Having been aware of the issue for some time, I was intrigued to see a report yesterday on the BBC website that the murder rate amongst teenagers has shown a sudden and dramatic drop. The report begins as follows:
The number of teenagers killed violently in the UK has fallen by 30% in one year, BBC research has found.
The BBC teen homicide database, which records murder and manslaughter cases, shows 51 10 to 19-year olds lost their lives in 2009 compared with 72 in 2008.
Most 2009 victims were male and half of all those killed were stabbed. Twelve were beaten and two were shot.
Police say anti-knife crime tactics explain the drop, but critics argue it is too early to make such conclusions.
Back in June I blogged about a possible increase in the number of teenagers committing murder. This article was the result of a hunch, based initially (as it happens) on reports from the BBC news website. Later in the year, however, I was able to obtain proper figures which showed a definite increase in the rate of teenagers convicted of murder, going back to some time in the mid 1990s. In many cases, the victims of these teenage murderers are also themselves teenagers. Hence the decline in teenage murders will probably also indicate a decline in teenage murderers.
Again based on the absence of news reports, I had begun to suspect that the number of murders involving teenagers had indeed declined this year, so this story is no great surprise. Indeed, it must be welcomed. As it indicates, however, there are a number of unanswered questions.
One is whether or not the decline will be sustained.

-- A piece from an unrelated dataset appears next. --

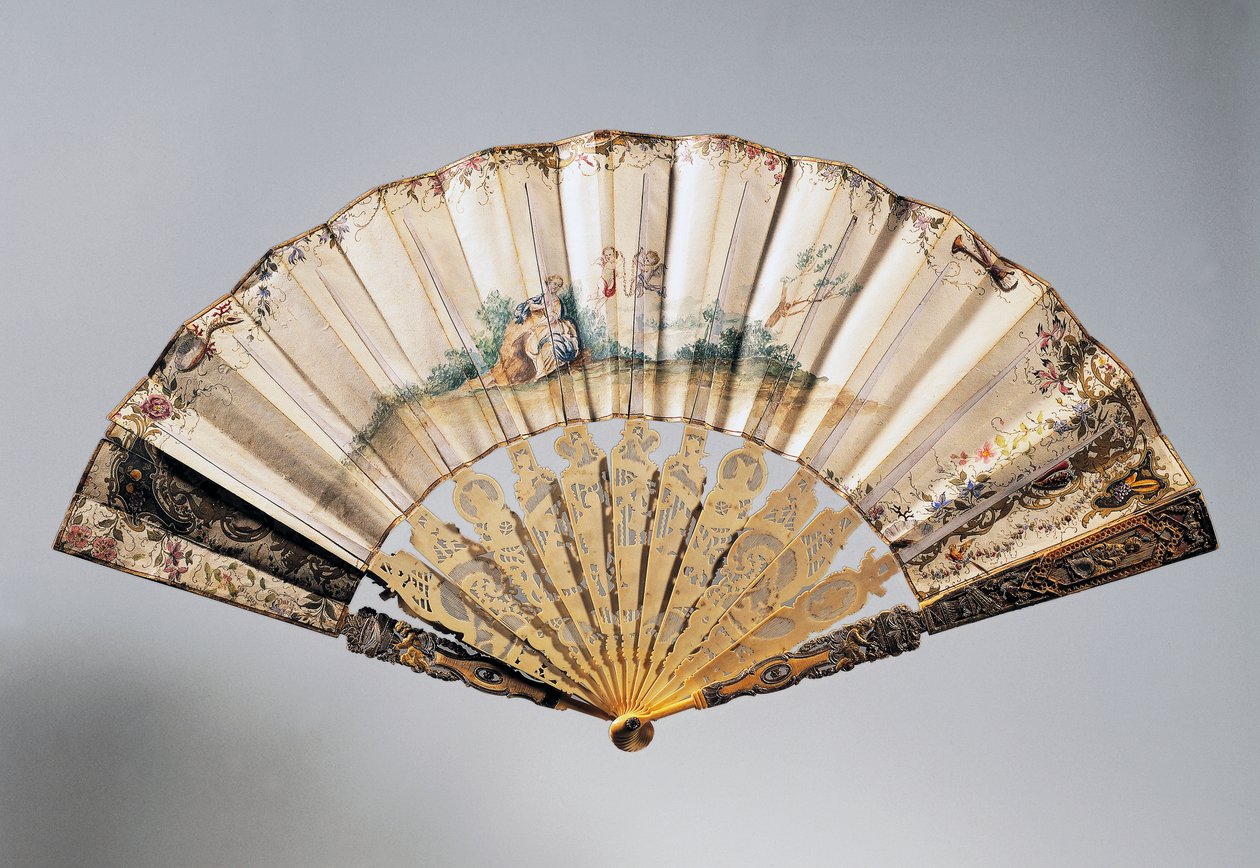 Bryllupshåndvifte med kjeruber og Bathsheba, ribber i Louis XVI-stil av French School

The chart I produced from the figures supplied shows occasional dips as well as a gradual rise in the number of teenagers convicted of murder. However, it must be pointed out that murders by teenagers sometimes involve multiple perpetrators —ie they are instances of gang attacks —and so it might only take one or two fewer killings to produce a significant drop in the number of killers. Both the dips and the rises on this chart may be affected by this factor. By contrast, a large drop in the number of murders would, on the face of it, seem more significant, since single incidents rarely involve more than one victim.
The second question, posed in the BBC article itself, is what might have caused a decline. The police and Home Office point (unsurprisingly) to their own initiatives. Others suggest the informal counselling done by staff in hospital A and E departments.

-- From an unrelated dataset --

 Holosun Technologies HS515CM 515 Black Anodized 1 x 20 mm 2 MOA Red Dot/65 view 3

For my own part, I wonder if the decline has been caused, actually, by teenagers. Young people have always had their own, informal but powerful, sub-culture, created by the things in which they take an interest —games, fashions, TV programmes, the internet and so on. People of my age well remember the seaside clashes of Mods and Rockers back in the ’60s. Then came the ‘Hippy’ movement and Flower Power. The fashions came and went, shaped by the trend-makers, but dependent, ultimately, on the young people themselves.

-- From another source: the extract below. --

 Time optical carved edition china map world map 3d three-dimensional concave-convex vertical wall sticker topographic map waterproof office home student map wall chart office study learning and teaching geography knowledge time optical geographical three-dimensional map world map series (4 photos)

It would be no surprise to me if the teenage community simply decided it had had enough of violence —at least at the level sufficient to result in someone’s death. Maybe all those ‘shrines’ on Facebook and Myspace have had an effect. There is nothing quite as capable of bringing an end to a trend amongst young people as negative peer pressure. Certainly it would be worth investigating wether this might be so. I am much less easily convinced that it has been the result of anything said or done by adult ‘officialdom’!
Then there is the third, related, question, which is what caused (or, maybe, is still causing) the nevertheless high rate of these killings, for behind the apparent decrease is certainly a previous increase, as the figures show. Was this, too, a ‘fashion’, and if so, what drove it? Just as importantly, could it have been ‘nipped in the bud’ at an early stage?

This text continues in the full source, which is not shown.